Most helpful positive review
3 of 3 people found the following review helpful
Read the book; watch the show
on February 11, 2012
Raylan Givens appeared in the short story, Fire in the Hole, and as a secondary character in two novels, Pronto and Riding the Rap, but Raylan is the first novel in which the Marshal plays a lead role. Of course, the character might be best known as the main character in the excellent TV series, Justified, created by Graham Yost (Speed).
Justified is actually based on Fire in the Hole, which is also the title of the pilot episode. The set up is simple: Raylan Givens is a U.S. Marshal, reassigned to the local office of his hometown of Harlan, Kentucky, after a questionable shooting in Miami. In Harlan, he is forced to reconnect with childhood friends, many of whom have turned to a life of crime.
According to Leonard, it was Timothy Olyphant, star of Justified, who suggested the author might want to consider writing further short stories featuring Raylan Givens. Leonard took the actor's advice, producing Raylan, not so much a collection of short stories or a self-contained novel, as a trio of Justified episodes in prose form.
Fans of the show will recognize many characters, including Boyd Crowder (played in the series by the fantastic Walton Goggins), Ava Crowder (Joelle Carter), and the Crowe clan. Those who've never seen the show need not worry, though some of the events portrayed on the show are referenced, no backstory is needed to enjoy the novel. And, of course, all of the Leonard hallmarks are present: spot-on dialogue, spare description, and sly, subtle humor. Elmore Leonard says he simply leaves out the boring parts when writing, and anyone who's read a single page of his work knows he's not kidding.

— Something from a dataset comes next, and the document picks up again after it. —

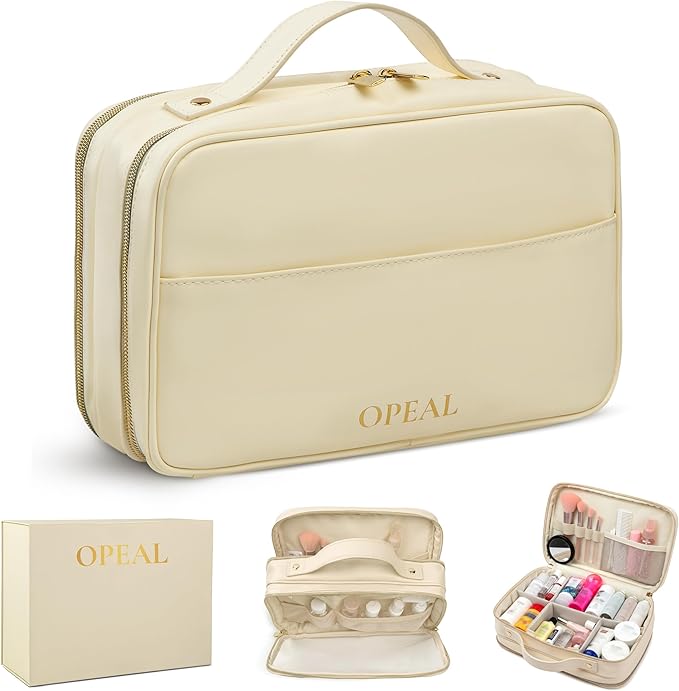 OPEAL Women’s Travel Makeup Organizer – Waterproof Modular Cosmetic Case with Compartments, Elegant Toiletry Bag for Carry-On & Daily Essentials, Cream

Plot-wise, as mentioned, the book follows three loosely-connected storylines. In the first, Raylan hunts down a couple of low-lifes who've evidently graduated from dealing pot to selling body parts. In the second, a new mountaintop relocation project leads to the destruction of a home and murder. Finally, Raylan comes to the aid of a young poker prodigy--an attractive university grad who may want Raylan's company more than she needs his help.
If I really need to convince you to read the latest Elmore Leonard, then we don't have much more to talk about. If you're already convinced but haven't yet checked out Justified: do yourself a huge favor and watch it; no movie or TV show has better captured the Elmore Leonard tone than Graham Yost's brainchild.